── Extracted records ──
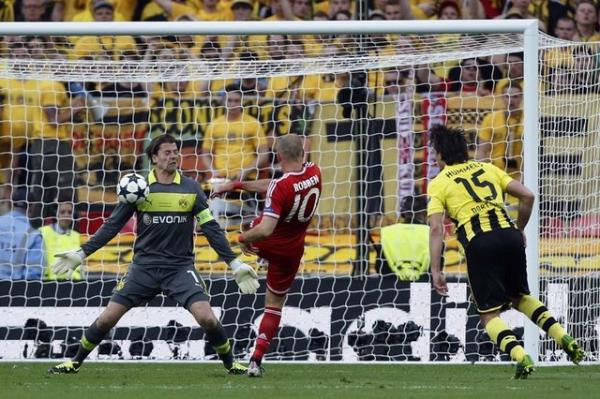 Borussia Dortmund - Bayern Münih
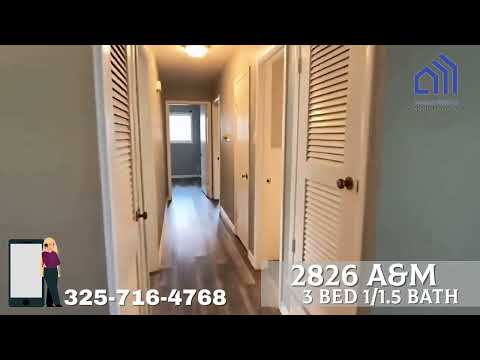 2826 A And M Ave - Video 6 of 6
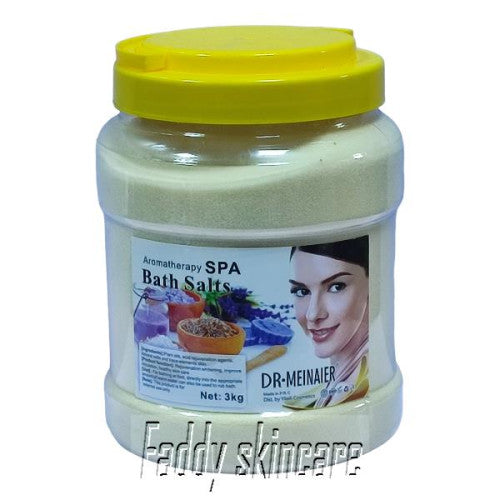 DRMEINAIER Aromatheraphy Spa Bath Salts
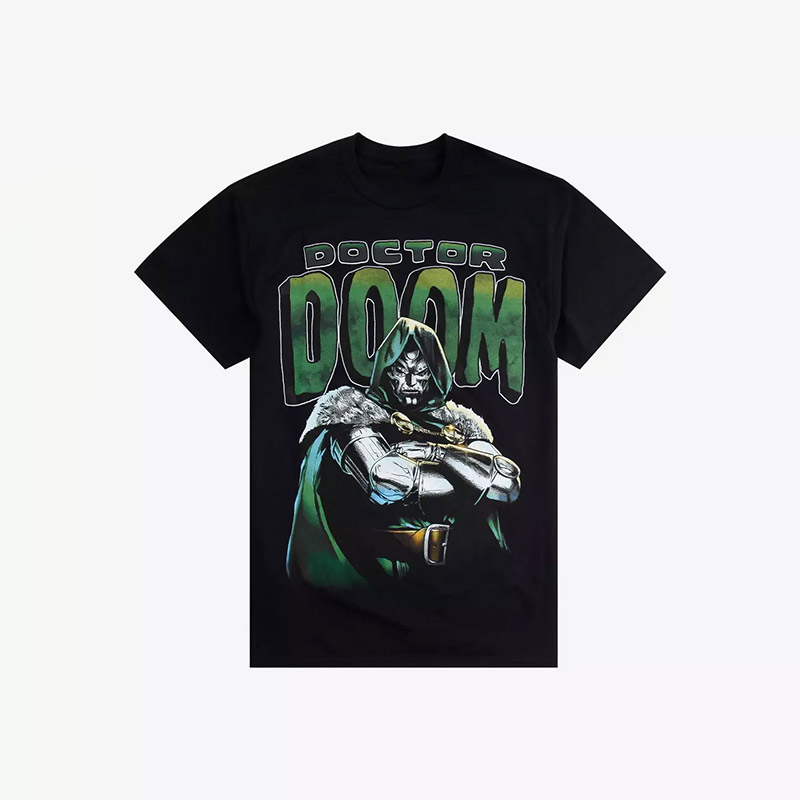 Marvel Fantastic 4 Doctor Doom T-shirt Marvel Fantastic 4 Doctor Doom T-shirt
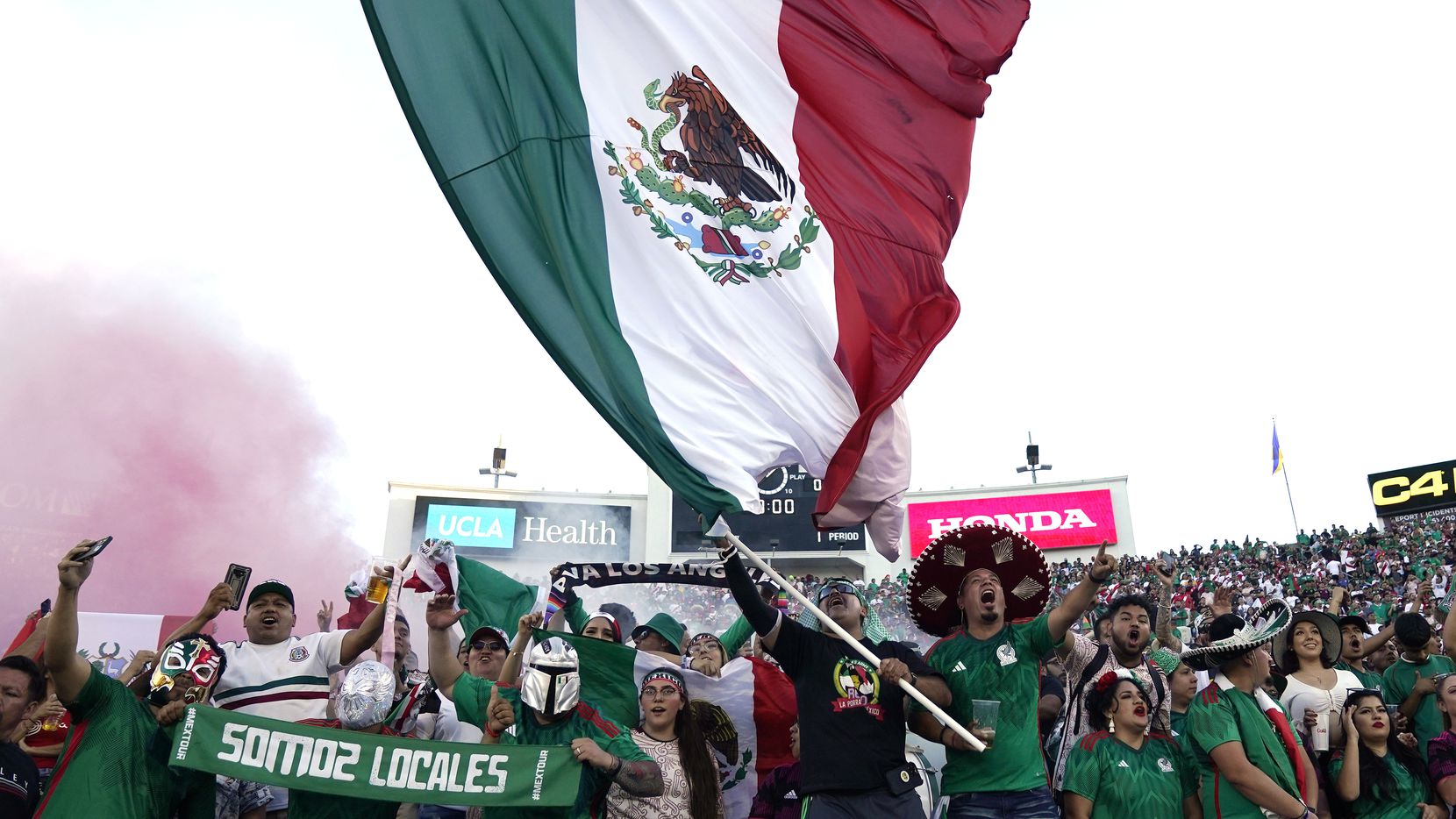 Traffic Advisory for Today in Santa Clara Due to Mexico-Colombia Game at Levi’s Stadium
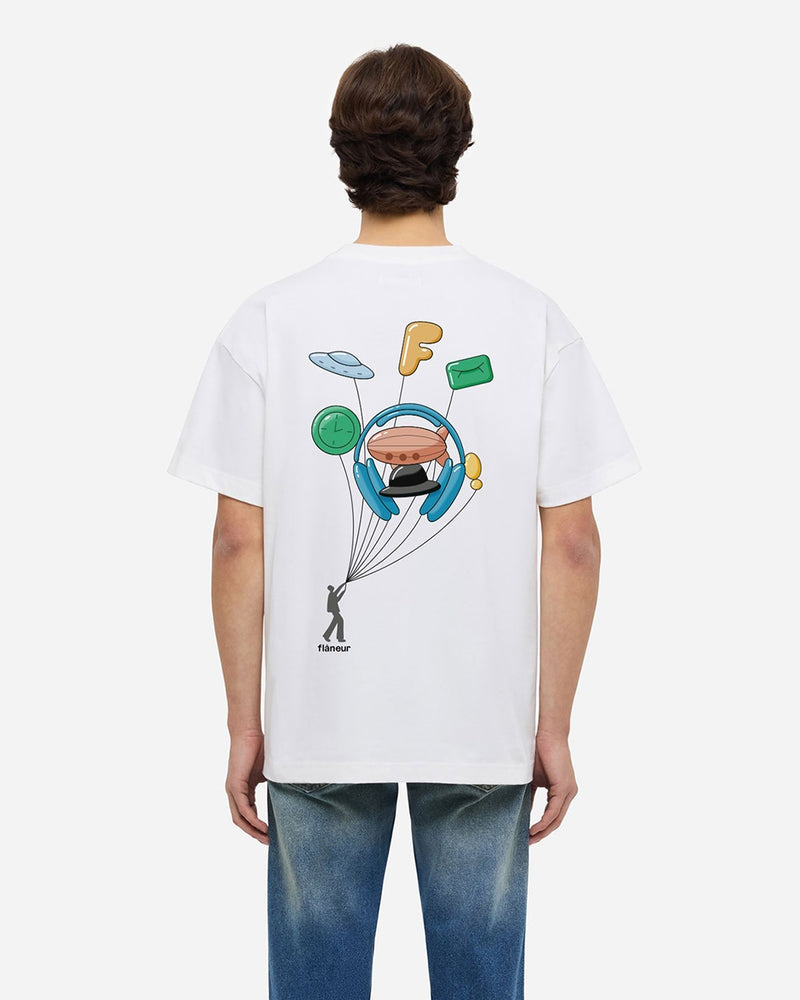 Inflatables T-Shirt | Wit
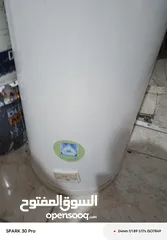  4 سخان ماء كيزر كهرباء 60 لتر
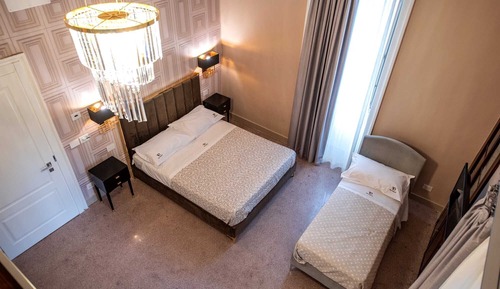 Family Quadruple Room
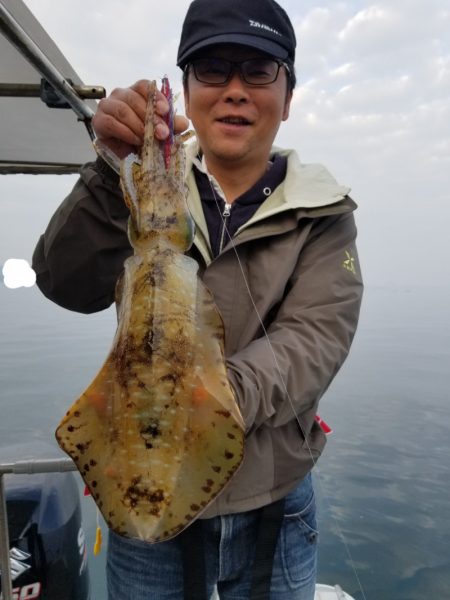 ソルトウォーターガイドフレンズ 釣果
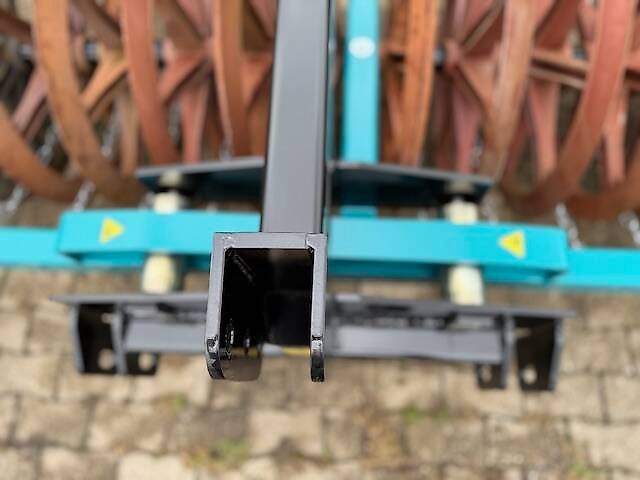 BM Maschinenbau Packer Frontpacker AKTIONSPREIS 3m mit H-Speichen, gelenkt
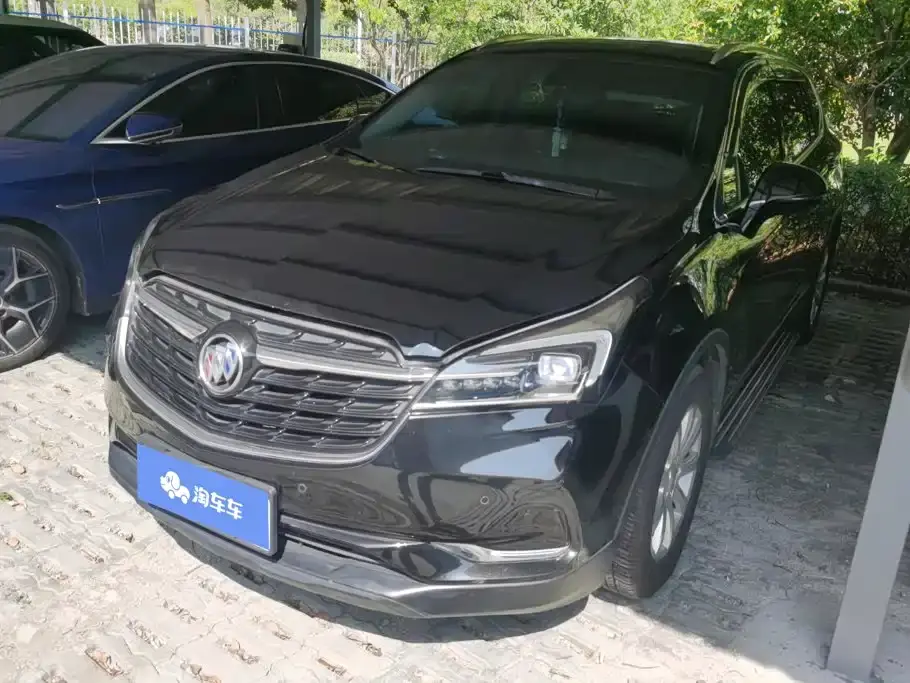 Buick Envision Plus 532T FWD Luxury Trim 2020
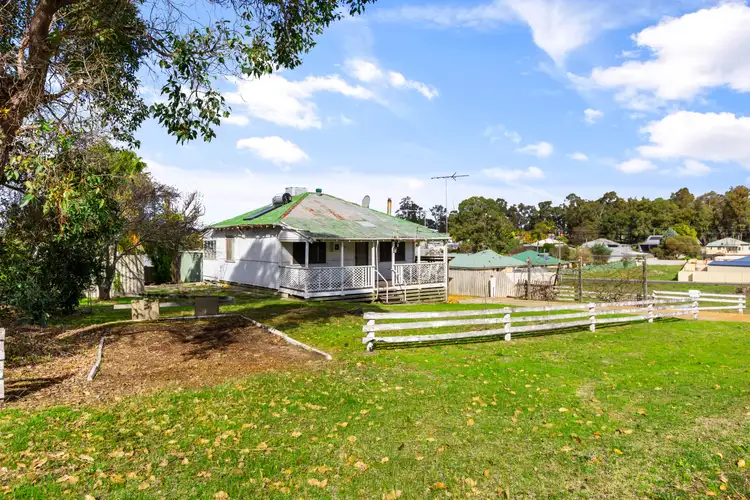 Second view of Homely house listing, 4 Bickerton Street, Collie WA 6225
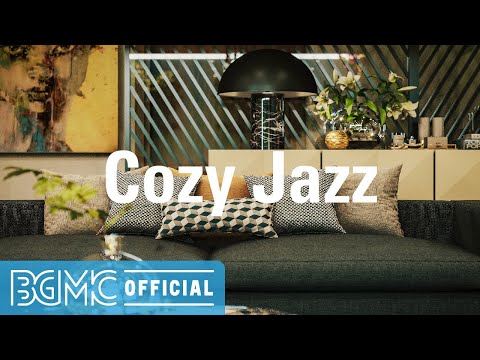 Cozy Jazz: Relax Coffee Jazz - Smooth Jazz Piano Instrumental Music for Stress Relief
───
- _What this task involves_
Every line from the one with "Second view of" through the last line of the data must be copied exactly. Leave the pictures out.

- _Result of the exercise_
 Second view of Homely house listing, 4 Bickerton Street, Collie WA 6225
 Cozy Jazz: Relax Coffee Jazz - Smooth Jazz Piano Instrumental Music for Stress Relief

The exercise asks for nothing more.